The sad reality was that by the time she died, in 1952, she had played a maid seventy-four times. Big roles did not come her way after her Oscar win: ‘It was as if I had done something wrong.’ Her dying wish was to be buried in the Hollywood Cemetery alongside the great stars of the golden age, but that was also denied by a ‘no-blacks’ policy. It would be a further seven years before racial discrimination was outlawed in California. The controversy over recognition for black actors continued into Meghan’s lifetime.
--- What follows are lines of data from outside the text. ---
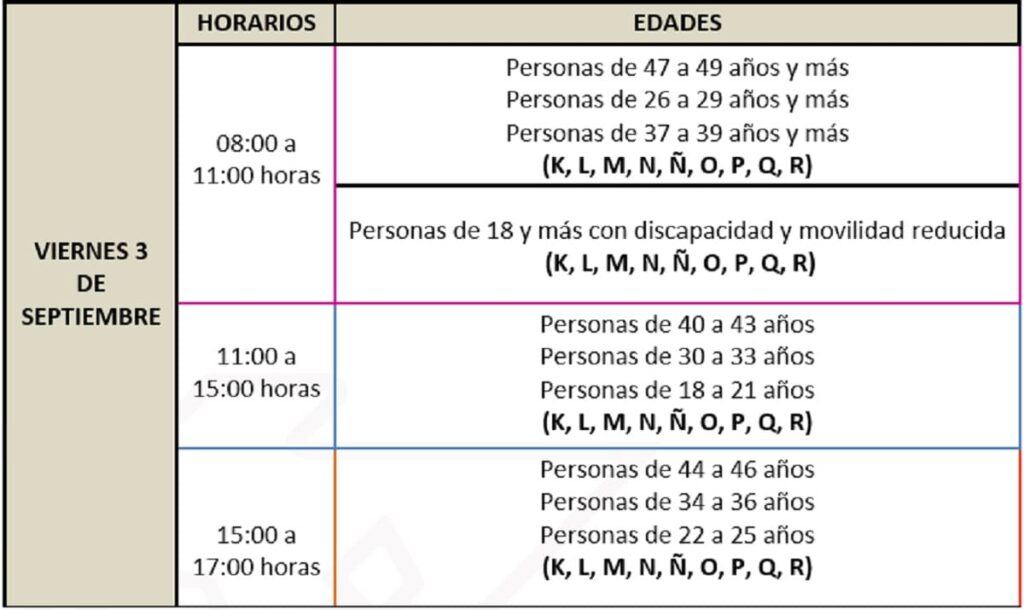 vacunación
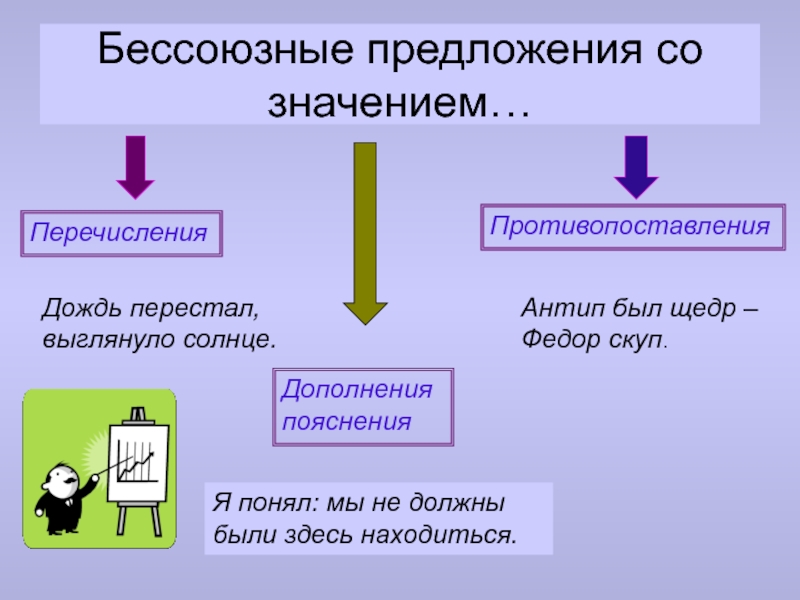 Виды сложных предложений 8 класс презентация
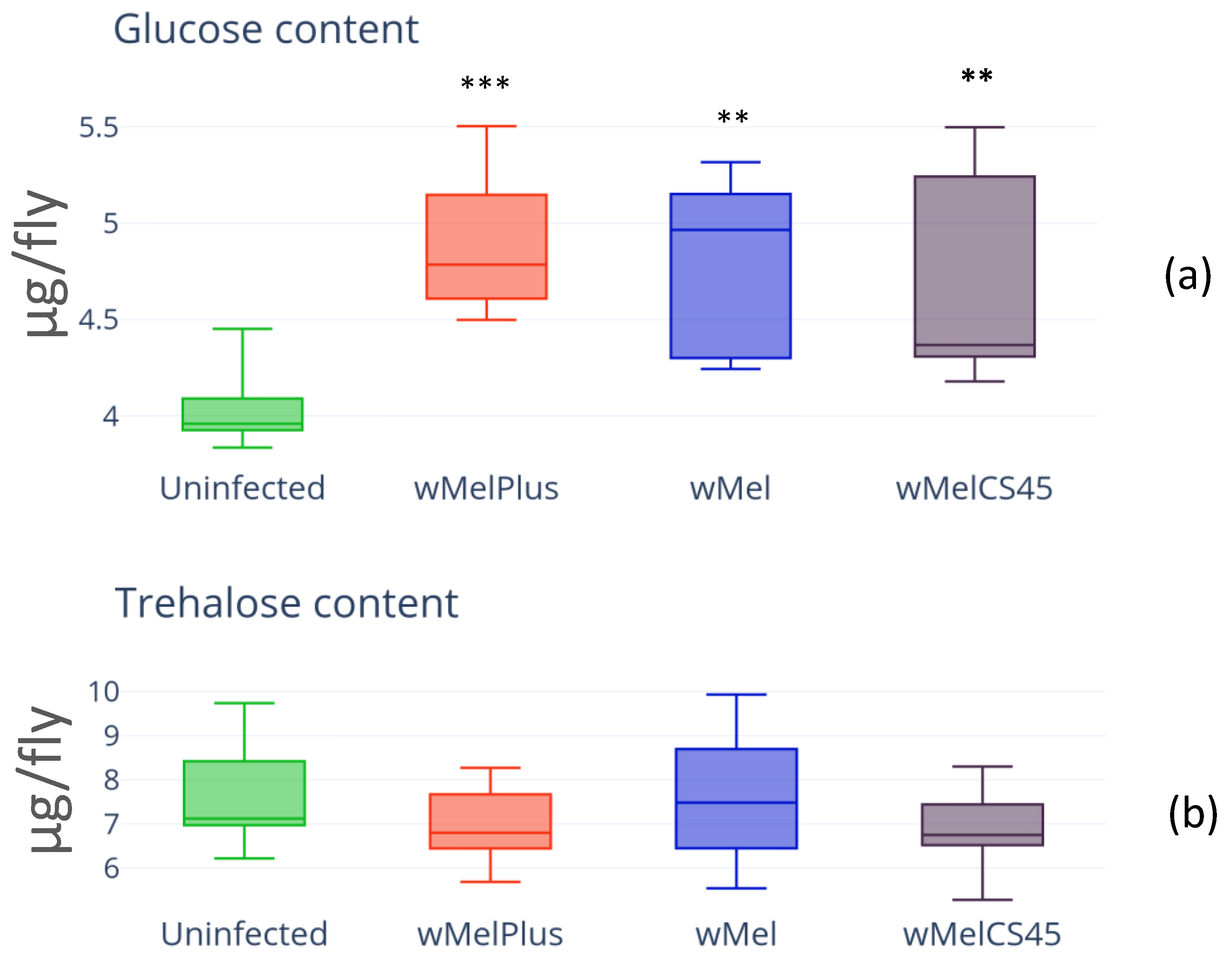 Insects 14 00357 g003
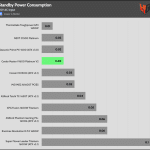 Stand_By_115V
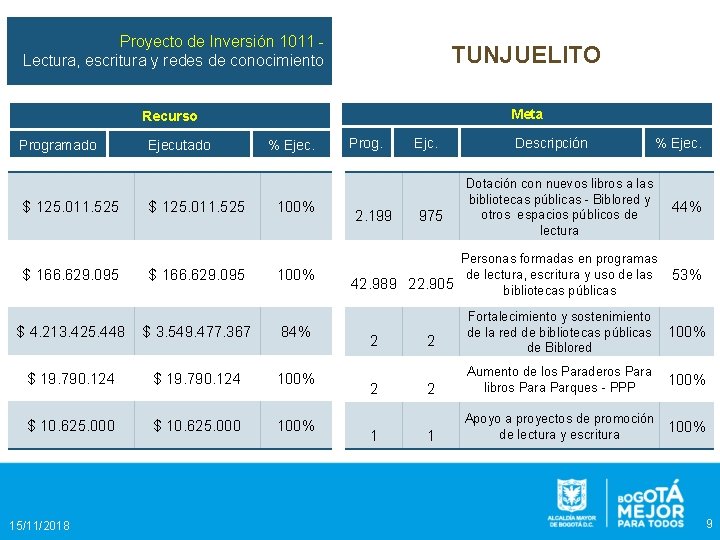 Proyecto de Inversión 1011 Lectura, escritura y redes de conocimiento TUNJUELITO Recurso Meta Programado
Discrimination was rife in Tennessee when Doria’s ancestors moved further north and settled in Chattanooga, a deeply racist town little deserving its place in musical history as the title of the jaunty Glenn Miller classic, ‘Chattanooga Choo Choo’. As recently as 1980, five black women were murdered there by members of the Ku Klux Klan in a drive-by shooting.

Meghan’s ancestors did not face such life-ending hatred but they still had to battle for a better life for themselves and their families. Meghan’s great-aunt Dora, for instance, was the first Ragland to go to college and became a teacher. Dora’s elder sister Lillie ran a successful real-estate business in Los Angeles and was listed in the African–American Who’s Who. She was married to Happy Evans, a famous black baseball player in the 1930s, a time when that sport was still segregated and there were separate ‘negro’ leagues.

Doria’s grandmother, Netty Arnold, worked as a lift operator at the upmarket apartment block called the Hotel St Regis in Cleveland, Ohio, where she met and subsequently married James Arnold, a bellhop. They were both black, working in a place where only whites were allowed to live.

In Cleveland, one of their daughters, Jeanette, married twice. First to a local man, Joseph Johnson, a professional roller-skater, then, following her divorce, to Alvin Ragland, who would become Meghan’s much-loved grandfather. The surname Ragland is actually one that his family took from their slave owner following emancipation.

Growing up, Meghan Markle was constantly fascinated by her family history, trying in vain to untangle its web and confessing that she was in ‘awe of her past’. Her principle problem in trying to cast light on the ‘blurred lines’, as she called them, was that black slaves were not properly documented until they officially registered. In 1870, a sharecropper called Stephen Ragland, Alvin’s great-grandfather, had become the first black Ragland.

Meghan gave a different account of that important landmark in her family history when she spoke to Elle magazine in 2015 – before she met Prince Harry: ‘Perhaps the closest thing connecting me to my ever-complex family tree, my longing to know where I came from, and the commonality that links me to my bloodline, is the choice that my great-great-great-grandfather made to start anew. He chose the last name Wisdom.’ He may well have done so informally but genealogists poring over Meghan’s ancestry have failed to find a thread linking the last name Wisdom to her family tree. Often family histories become confused by the telling and the retelling.

The Ragland family’s life changed forever when they made the 2,300-mile trek from Cleveland to Los Angeles soon after Doria was born in September 1956. There were five of them in a borrowed car: Alvin, Jeanette, her two children from her first marriage – Joseph Jr and Saundra – and baby Doria. While it wasn’t exactly an epic story matching the trip west of the Joad family in Steinbeck’s magnificent novel of the Great Depression, The Grapes of Wrath, the trip did become the subject of countless stories told to Meghan as a little girl.